---- MATERIAL FOR THE TASK

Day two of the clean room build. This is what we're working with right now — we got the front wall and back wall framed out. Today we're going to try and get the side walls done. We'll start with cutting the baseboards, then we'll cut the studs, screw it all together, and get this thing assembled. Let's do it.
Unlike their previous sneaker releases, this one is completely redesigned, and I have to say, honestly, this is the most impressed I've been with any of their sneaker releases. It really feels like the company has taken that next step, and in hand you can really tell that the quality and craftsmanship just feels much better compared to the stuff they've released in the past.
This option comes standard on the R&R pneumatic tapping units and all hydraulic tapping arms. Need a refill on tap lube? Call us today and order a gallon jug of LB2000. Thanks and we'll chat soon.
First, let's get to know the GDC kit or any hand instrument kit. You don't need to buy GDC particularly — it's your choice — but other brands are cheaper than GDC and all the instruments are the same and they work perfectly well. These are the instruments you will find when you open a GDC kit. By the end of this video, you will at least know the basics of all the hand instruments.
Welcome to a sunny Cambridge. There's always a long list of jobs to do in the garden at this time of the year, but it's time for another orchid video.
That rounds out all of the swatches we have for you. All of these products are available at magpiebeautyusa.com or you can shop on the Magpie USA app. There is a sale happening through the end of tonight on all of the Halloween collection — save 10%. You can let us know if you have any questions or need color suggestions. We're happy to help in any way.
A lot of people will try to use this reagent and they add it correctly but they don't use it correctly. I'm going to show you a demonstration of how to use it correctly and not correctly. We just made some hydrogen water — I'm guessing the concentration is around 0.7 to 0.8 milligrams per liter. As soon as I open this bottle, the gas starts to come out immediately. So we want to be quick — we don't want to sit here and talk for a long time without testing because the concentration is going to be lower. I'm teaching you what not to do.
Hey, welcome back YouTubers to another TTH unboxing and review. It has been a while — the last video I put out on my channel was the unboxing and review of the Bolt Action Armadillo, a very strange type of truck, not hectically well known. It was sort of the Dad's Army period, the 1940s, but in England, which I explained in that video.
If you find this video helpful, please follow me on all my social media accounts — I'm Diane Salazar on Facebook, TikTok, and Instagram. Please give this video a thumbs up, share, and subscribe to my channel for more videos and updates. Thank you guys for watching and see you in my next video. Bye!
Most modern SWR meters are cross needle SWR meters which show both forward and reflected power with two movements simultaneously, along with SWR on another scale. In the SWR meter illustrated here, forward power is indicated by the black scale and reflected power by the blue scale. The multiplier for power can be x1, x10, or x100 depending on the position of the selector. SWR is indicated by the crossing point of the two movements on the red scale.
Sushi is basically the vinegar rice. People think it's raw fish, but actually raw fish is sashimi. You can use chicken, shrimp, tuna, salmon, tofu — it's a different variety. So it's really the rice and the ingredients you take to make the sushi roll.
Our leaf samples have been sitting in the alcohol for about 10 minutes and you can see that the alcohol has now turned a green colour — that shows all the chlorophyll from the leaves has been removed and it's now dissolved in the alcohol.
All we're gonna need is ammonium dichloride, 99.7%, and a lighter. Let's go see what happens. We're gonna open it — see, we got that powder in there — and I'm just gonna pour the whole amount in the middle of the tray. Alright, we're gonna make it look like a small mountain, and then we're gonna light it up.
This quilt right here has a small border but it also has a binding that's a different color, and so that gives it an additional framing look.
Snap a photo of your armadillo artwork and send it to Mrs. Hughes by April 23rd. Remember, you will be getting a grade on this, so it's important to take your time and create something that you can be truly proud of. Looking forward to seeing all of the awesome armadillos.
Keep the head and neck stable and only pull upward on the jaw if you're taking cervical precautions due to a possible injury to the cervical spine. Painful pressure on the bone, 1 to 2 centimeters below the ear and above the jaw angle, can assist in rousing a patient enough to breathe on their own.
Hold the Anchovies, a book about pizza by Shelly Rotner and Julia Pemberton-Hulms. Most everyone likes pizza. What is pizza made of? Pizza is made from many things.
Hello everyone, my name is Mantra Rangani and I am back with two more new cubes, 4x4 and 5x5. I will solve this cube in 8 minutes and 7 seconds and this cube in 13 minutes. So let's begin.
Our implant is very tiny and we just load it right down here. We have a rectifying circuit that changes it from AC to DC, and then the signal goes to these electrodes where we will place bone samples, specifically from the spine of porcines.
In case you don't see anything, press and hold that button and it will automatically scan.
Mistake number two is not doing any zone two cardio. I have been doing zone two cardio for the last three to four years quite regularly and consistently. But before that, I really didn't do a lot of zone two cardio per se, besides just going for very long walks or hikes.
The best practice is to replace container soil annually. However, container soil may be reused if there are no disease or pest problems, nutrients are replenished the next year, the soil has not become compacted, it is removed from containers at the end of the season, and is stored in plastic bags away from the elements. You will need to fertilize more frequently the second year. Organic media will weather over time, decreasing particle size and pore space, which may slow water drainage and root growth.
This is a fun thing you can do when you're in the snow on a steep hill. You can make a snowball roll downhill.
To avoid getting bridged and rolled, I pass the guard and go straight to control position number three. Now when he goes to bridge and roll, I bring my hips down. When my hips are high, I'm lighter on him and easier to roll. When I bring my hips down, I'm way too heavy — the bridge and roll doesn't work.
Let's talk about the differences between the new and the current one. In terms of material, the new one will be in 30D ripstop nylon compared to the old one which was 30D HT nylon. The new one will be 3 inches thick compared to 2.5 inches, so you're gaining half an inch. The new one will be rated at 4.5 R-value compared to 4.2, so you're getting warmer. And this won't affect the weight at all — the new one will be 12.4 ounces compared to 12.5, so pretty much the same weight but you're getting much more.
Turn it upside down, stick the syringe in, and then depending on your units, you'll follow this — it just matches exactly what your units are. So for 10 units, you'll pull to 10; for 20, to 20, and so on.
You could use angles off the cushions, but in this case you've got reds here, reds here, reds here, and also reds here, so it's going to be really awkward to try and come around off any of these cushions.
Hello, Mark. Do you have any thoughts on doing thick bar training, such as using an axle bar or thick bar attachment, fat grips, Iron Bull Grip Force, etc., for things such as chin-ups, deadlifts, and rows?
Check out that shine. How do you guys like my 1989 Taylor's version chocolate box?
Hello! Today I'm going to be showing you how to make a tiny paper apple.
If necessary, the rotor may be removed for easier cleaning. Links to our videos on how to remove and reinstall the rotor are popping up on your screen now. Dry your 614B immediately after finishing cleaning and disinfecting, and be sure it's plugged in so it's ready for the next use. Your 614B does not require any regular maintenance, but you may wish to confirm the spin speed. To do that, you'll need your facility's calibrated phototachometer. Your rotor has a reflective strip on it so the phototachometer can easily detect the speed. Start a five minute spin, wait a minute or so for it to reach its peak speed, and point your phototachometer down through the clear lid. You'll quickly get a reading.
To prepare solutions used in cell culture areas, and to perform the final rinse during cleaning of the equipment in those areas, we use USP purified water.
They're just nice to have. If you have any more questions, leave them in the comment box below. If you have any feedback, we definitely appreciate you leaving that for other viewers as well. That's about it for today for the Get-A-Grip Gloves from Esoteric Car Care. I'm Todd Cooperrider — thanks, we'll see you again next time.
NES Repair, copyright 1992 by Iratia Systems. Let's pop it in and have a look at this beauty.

--------

● **ASSIGNMENT**: Will you return exactly the lines above from the one with "Hello everyone, my" down to the one with "In case you", counting both as part of the range?

● **TASK SOLUTION**:
Hello everyone, my name is Mantra Rangani and I am back with two more new cubes, 4x4 and 5x5. I will solve this cube in 8 minutes and 7 seconds and this cube in 13 minutes. So let's begin.
Our implant is very tiny and we just load it right down here. We have a rectifying circuit that changes it from AC to DC, and then the signal goes to these electrodes where we will place bone samples, specifically from the spine of porcines.
In case you don't see anything, press and hold that button and it will automatically scan.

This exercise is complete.